Francis Poictevin (Lazare)

Figures contemporaines : ceux d’aujourd’hui et ceux de demain
Perrin et Cie, libraires-éditeurs (p. 143-146).


FRANCIS POICTEVIN


Après avoir poursuivi les sensations troublantes et les images étranges, M. Francis Poictevin, qui fut un chercheur de mots, est devenu un chercheur d’essence. Après avoir été un collectionneur de pierres rares, il a dédaigné les trésors amassés par ses mains et il s’est enquis des joyaux invisibles. Il a abandonné le culte des phénomènes pour celui des ombres virtuelles et il a quitté le grenier de M. de Goncourt pour l’oratoire de sainte Catherine.

Je croirais volontiers qu’il se repent d’avoir été un virtuose de l’expression et d’avoir voué trop de son temps à l’apparence des choses. Il a l’âme des moines d’autrefois que torturait le songe du futur, l’amour de l’unique, et qui tous les jours se demandaient anxieusement s’ils n’avaient pas commis le péché contre l’esprit.

Or, pendant bien des années, M. Poictevin a été le pécheur contre l’esprit. Il n’a été qu’un rhéteur, sensible à l’aspect extérieur du monde, un amuseur d’esprits subtils, un jongleur raffiné, un joueur de flûte se plaisant aux délicates et vaines harmonies.

Désormais, s’il n’a pas brûlé ce qu’il a adoré, il a appliqué sa pénétration à d’autres objets. À force de quérir des syllabes pour rendre l’insaisissable, il a voulu atteindre l’absolu, au travers des voiles qu’il avait tissés.

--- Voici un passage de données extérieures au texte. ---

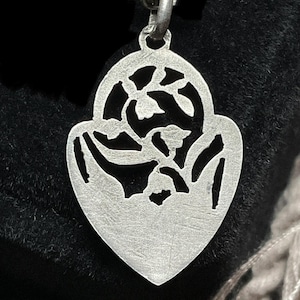 May include: A silver-toned pendant shaped like a heart with a pointed base, featuring an intricate cutout design of floral elements. The pendant is suspended from a matching silver-toned metal chain link necklace.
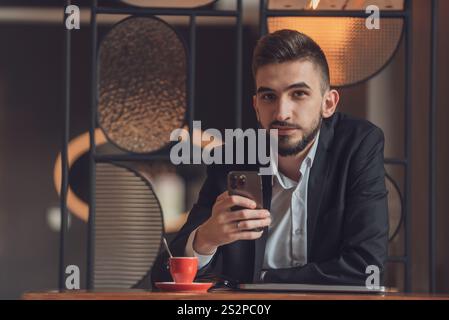 Porträt eines jungen glücklichen Mannes, der an seinem Schreibtisch im Büro sitzt und ein Telefon benutzt. Stockfoto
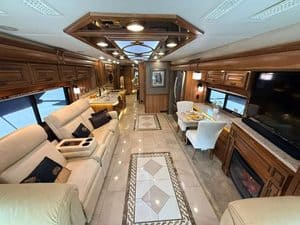Luxury RV interior with leather sofas, dining area, and entertainment center.
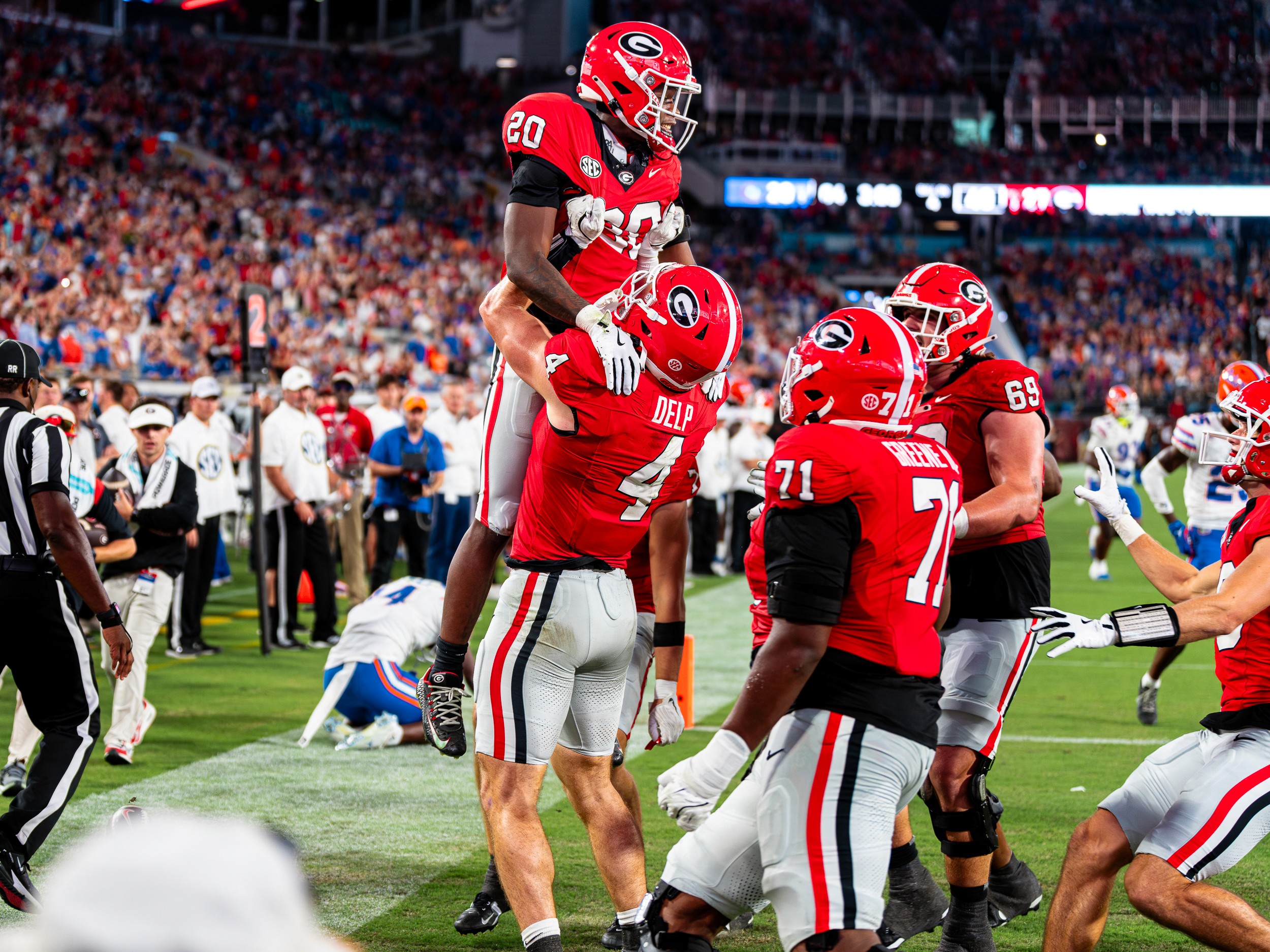 Georgia tight end Oscar Delp (4) lifts a teammate in the end zone after a score in front of the Florida sideline.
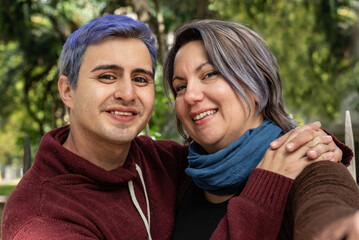 Obraz premium Two smiling friends are hugging and looking at camera. He has blue hair. 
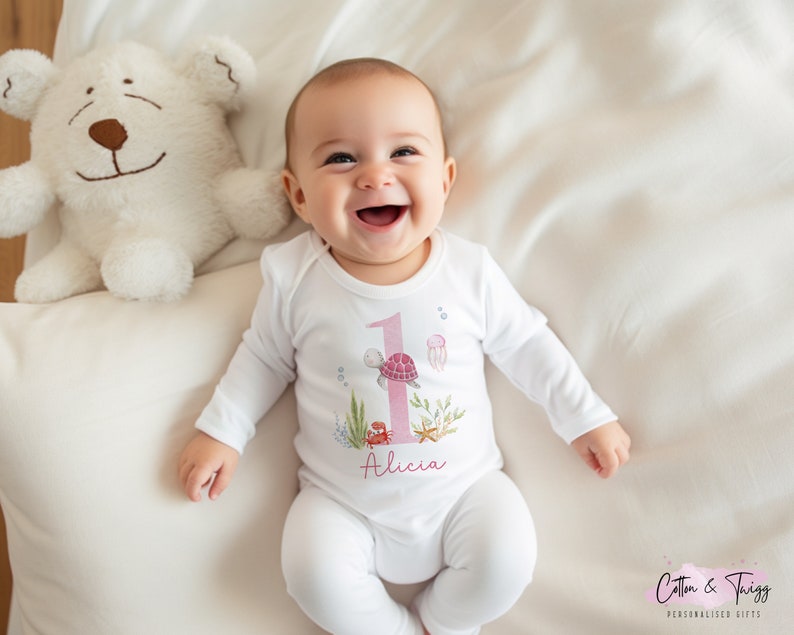 K&ouml;nnte beinhalten: Ein wei&szlig;er Baby-Strampler mit einer pinkfarbenen Nummer eins, einer Schildkr&ouml;te und einem Seestern-Design. Der Strampler tr&auml;gt den Namen "Alicia".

Il est presque unique dans notre temps à avoir le sens de la mystique. Il en connaît le vocabulaire analogique, mais il l’a transposé, car c’est un mystique hérétique, se rapprochant davantage de Novalis que de Marie d’Agreda. Il chérit les pâles lys que le souffle divin faisait palpiter autrefois au fond des monastères, mais il ne les rejoindrait pas sous les arceaux des cloîtres, et la prière qu’il récite va plutôt à l’ineffable Pan des orphiques qu’au Dieu des bonnes gens.

Toutes les préoccupations contemporaines semblent être indifférentes à ce pérégrin libre et rêveur, qu’inquiète l’âme du monde. Cependant, il a le cœur humble et pitoyable comme un de ces petits frères qui vivaient à côté du saint d’Assise, chantaient des cantiques au soleil, aux fleurs des champs, aux oiseaux des bois, et désertaient la richesse qui souille, abaisse et corrompt.

Francis Poictevin est, comme tous les mystiques, un égotiste révolté contre les règles, un individualiste fuyant l’oppression des milieux, des autorités et des règles, un anarchiste religieux. Il est un pèlerin indépendant et vagabond, et c’est peut-être son vagabondage intellectuel qui l’a poussé à ne jamais donner que des marginalia d’un poème et d’une œuvre qui ne vient jamais et que cependant il devrait faire.